Dammit, slow down. Read my post again. I edit a lot after posting...Musk's big advantage is staging. It's such a big advantage that airbreathing is actually not very useful for a TSTO. And from his statements, that seems to be what he was talking about; he gave no indication of being aware that the question was about an SSTO.And they aren't even approaches to the same thing. SpaceX may get a fully-reusable launcher. But REL is aiming for a "space shuttle" with orbital maneuvering, satellite retrieval, automated rendezvous and docking, and low-gee-loading heavy downmass capabilities, all in the same vehicle.
Yes, that's exactly it. If you restrict yourself to two-stages, and have a not-ridiculous flight rate, air-breathing doesn't make that much sense. If you want to do one stage, air-breathing is an enabling technology. Skylon has a much higher initial cost, but potentially much lower operating costs, than something like a reusable Falcon. SpaceX's approach is to build the simplest system and iterate with it, while REL is putting a lot of effort into the front end to try to outsmart the problem. Since neither has been demonstrated flying to orbit and back, it's hard to really argue which will do better.

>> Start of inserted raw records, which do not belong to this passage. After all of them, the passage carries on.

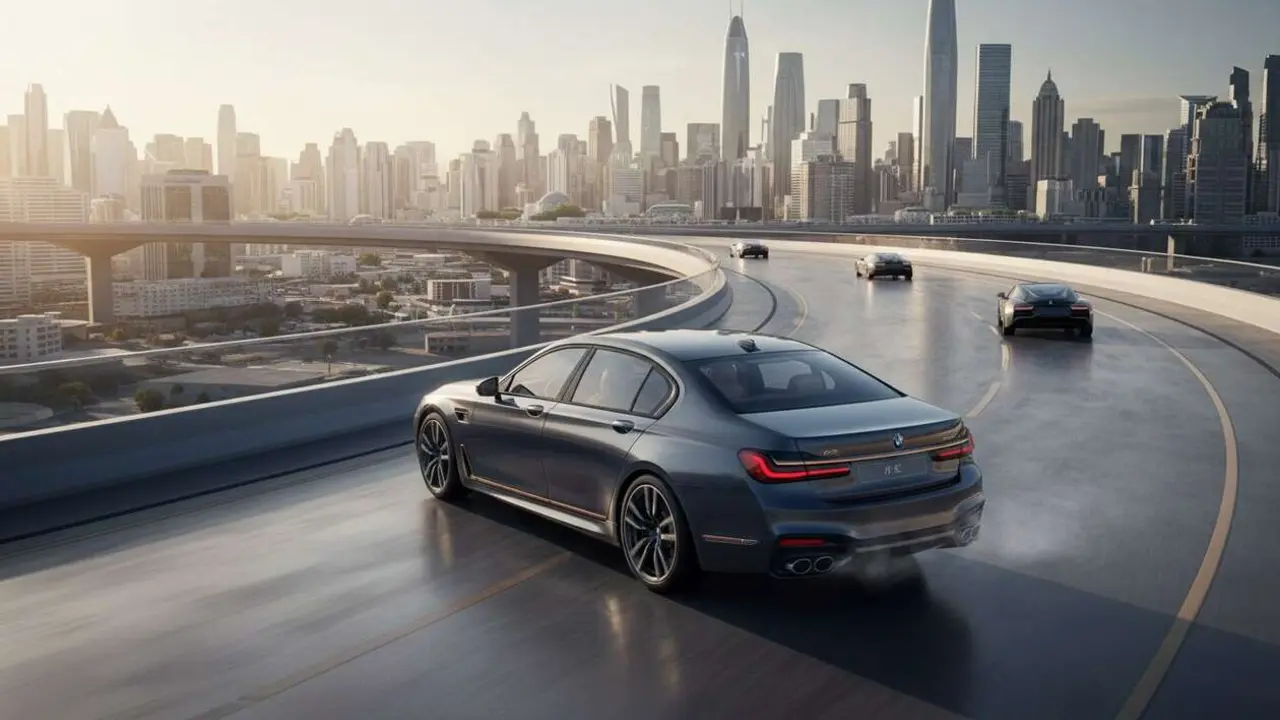  BMW M760 2027 con motor V8 y gasolina renovable revolucionando el mercado automovil&iacute;stico de lujo &mdash; Imagen generada por IA 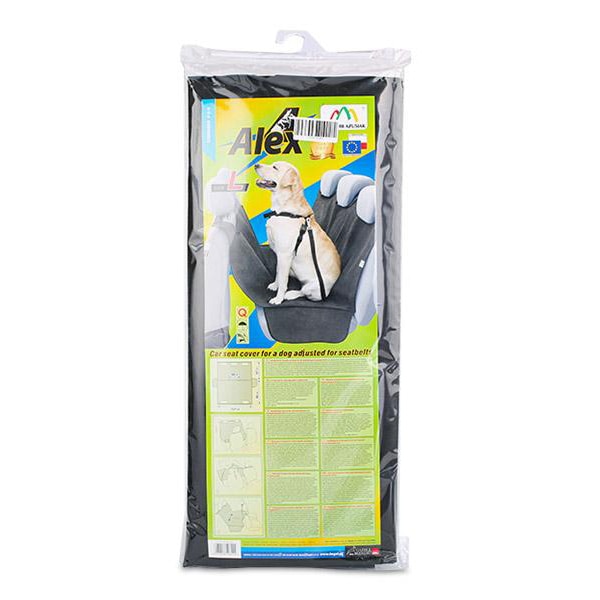 Husa auto protectie Kegel-Błażusiak, pentru caini si pisici, protectie bancheta REX II, cu orificiu pentru centura de siguranta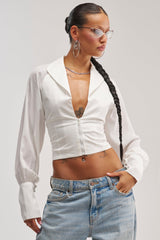 EFFORTLESS CORSET BLOUSE TOP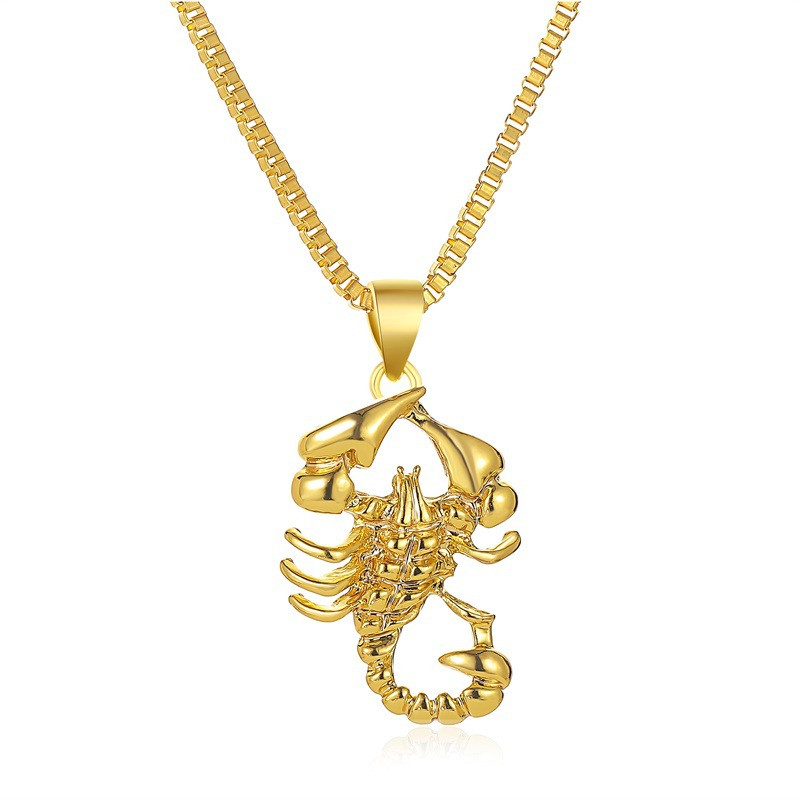 60f3795d 18df 4af0 aae3 f0d8e5c4894a Gold Scorpion Necklace Personality Metal Hollow Sweater Chain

I am not sure about the capabilities that you are attributing to Skylon here. It will for the most part be unmanned. So I am not sure about the retrieval part.
People are not saying he was uninformed because he got the disadvantages of airbreathing wrong. He didn't. They're saying he was uninformed because he gave an answer that seemed to assume a generic TSTO, when the question was about a specific SSTO
some non existing off topic VTOL SSTO.
I am and will continue to be quite impressed with the work that RE is doing and where they are going with it, but the various "claims" of this being "ground-breaking" and "paradigm-shifting" technology just are not being supported and I think they might want to take a step back and review the idea of "selling" it as such.
Frankly? All the stuff RE has done still has not reached the TRL of the Supercharged-Ejector-Ram-Jet (SERJ) engine which was ready for flight testing in the mid-60s. And the "problem" area remains the same for the SABRE as the SERJ; Flight testing is going to be very expensive and getting funding and support is not going to be at all easy. SABRE just like the SERJ is going to require a flight test vehicle capable of all-aspect runway-to-hypersonic and back again flight regime and my "read" is that the proposed "Nacelle-Test-Vehicle" is going to be very much less than that.
If you answer a question about Skylon by saying that airbreathing offers no real advantage, without mentioning staging, an all-rocket VTOL SSTO is the obvious implication.